The EU mandate aims to offer Britain, which sells 45% of exports and buys 53% of imports from the 27-nation bloc, no tariffs and no quotas in the future.
In exchange, it wants London not to undercut European companies with lower - and therefore less costly - environmental, labour, tax and state aid standards.
But Britain does not want such a commitment, stressing its "primary objective in the negotiations is ... economic and political independence". It is ready to accept tariffs and quotas similar to a deal the bloc has with Canada.
"We can have an agreement with zero tariffs and zero quotas if we can be sure ... we will have common norms ...regulatory proximity on the basis of EU rules," France's Europe Minister Amelie de Montchalin told reporters on entering the meeting with colleagues from the bloc in Brussels.
"If we cannot maintain this regulatory proximity, then we must ... apply tariffs or quotas," she said. "It's not a position of revenge, it's an economically rational position."
Britain will publish its own negotiating stance on Thursday and talks are to start next week.
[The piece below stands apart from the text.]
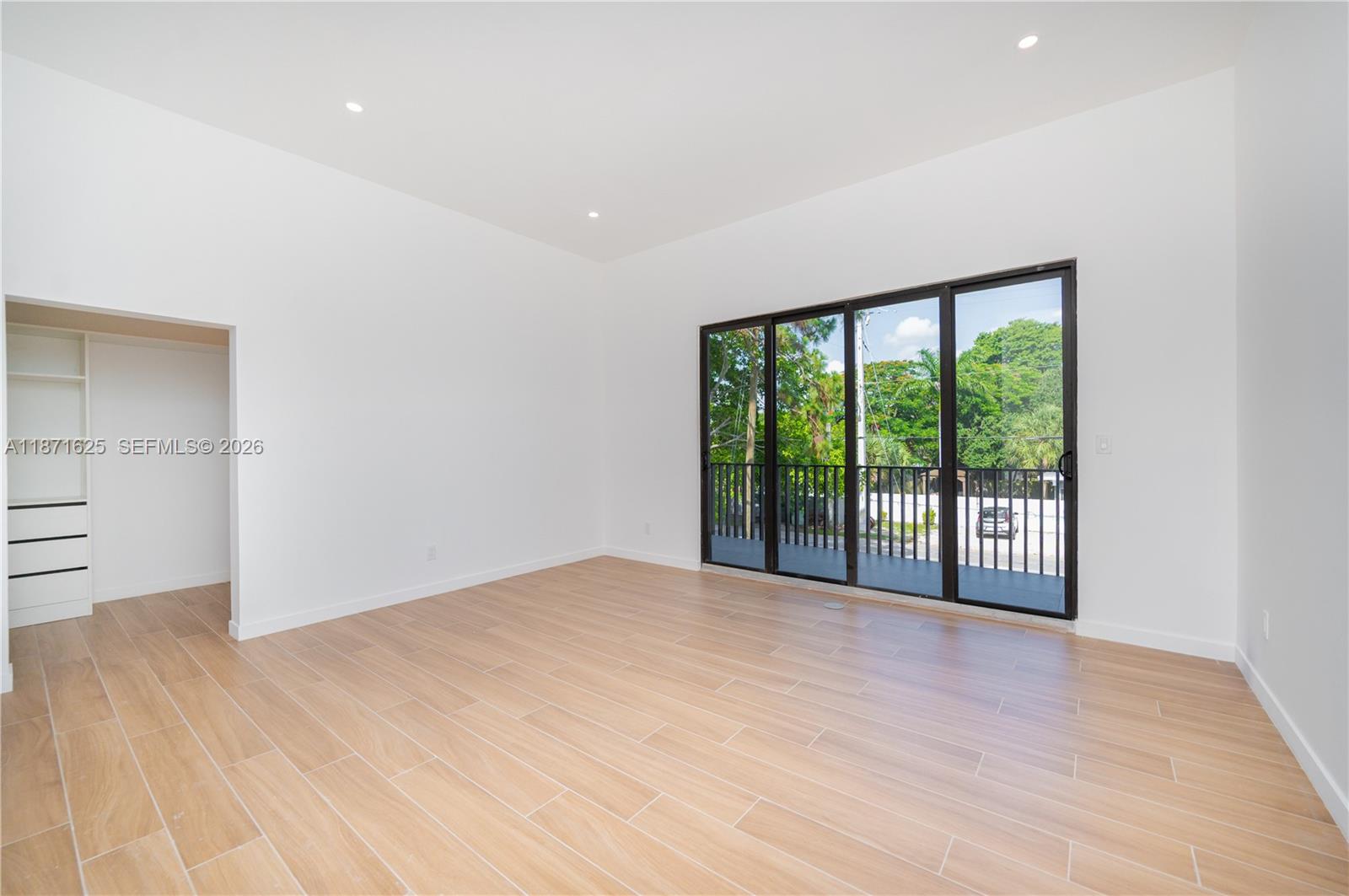 Shady Banks - Residential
Both sides want a deal by the end of the year, when Britain's transition period ends.
"This is an extremely ambitious timetable," German Europe Minister Michael Roth said.
Without a trade deal, business contacts would be based on World Trade Organisation rules, which assume tariffs, quotas and cumbersome paperwork.
"Fisheries are important but also our trade relations, security, people-to-people contacts, and that makes the negotiations so challenging," said Dutch Foreign Minister Stef Blok.
"The time pressure is immense, the interests are huge, it's a very complicated treaty, so it will be very hard work."
The agreed text of the EU negotiating mandate, which diplomats said the ministers would ratify on Tuesday, says any new trade treaty between the EU and Britain "should prevent distortions of trade and unfair competitive advantages so as to ensure a sustainable and long-lasting relationship".
"The envisaged agreement should uphold common high standards, and corresponding high standards over time with (European) Union standards as reference point," says the document, seen by Reuters. (Reuters)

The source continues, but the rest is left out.